If you interact with the internet … the typical methods of communication today betray you silently, quietly, invisibly, at every click. At every page that you land on, information is being stolen. It’s being collected, intercepted, analyzed, and stored by governments, foreign and domestic, and by companies. You can reduce this by taking a few key steps. Basic things. If information is being collected about you, make sure it’s being done in a voluntary way.
For example, if you use browser plugins like HTTPS Everywhere by EFF, you can try to enforce secure encrypted communications so your data is not being passed in transit electronically naked.
Lee: Do you think people should use adblock software?
Snowden: Yes.
Everybody should be running adblock software, if only from a safety perspective …

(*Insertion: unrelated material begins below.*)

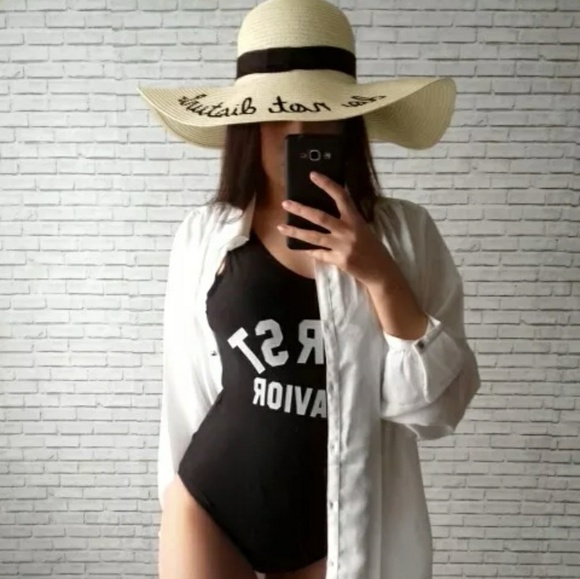 Letter Embroidery Big Brim Sun Straw Hat - Picture 2 of 10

We’ve seen internet providers like Comcast, AT&T, or whoever it is, insert their own ads into your plaintext http connections. … As long as service providers are serving ads with active content that require the use of Javascript to display, that have some kind of active content like Flash embedded in it, anything that can be a vector for attack in your web browser — you should be actively trying to block these. Because if the service provider is not working to protect the sanctity of the relationship between reader and publisher, you have not just a right but a duty to take every effort to protect yourself in response.
Lee: Nice. So there’s a lot of esoteric attacks that you hear about in the media. There’s disk encryption attacks like evil maid attacks, and cold-boot attacks. There’s all sorts of firmware attacks. There’s BadUSB and BadBIOS, and baseband attacks on cellphones. All of these are probably unlikely to happen to many people very often. Is this something people should be concerned about? How do you go about deciding if you personally should be concerned about this sort of attack and try to defend against it?
Snowden: It all comes down to personal evaluation of your personal threat model, right? That is the bottom line of what operational security is about. You have to assess the risk of compromise. On the basis of that determine how much effort needs to be invested into mitigating that risk.
Now in the case of cold-boot attacks and things like that, there are many things you can do. For example, cold-boot attacks can be defeated by never leaving your machine unattended. This is something that is not important for the vast majority of users, because most people don’t need to worry about someone sneaking in when their machine is unattended. … There is the evil maid attack, which can be protected against by keeping your bootloader physically on you, but wearing it as a necklace, for example, on an external USB device.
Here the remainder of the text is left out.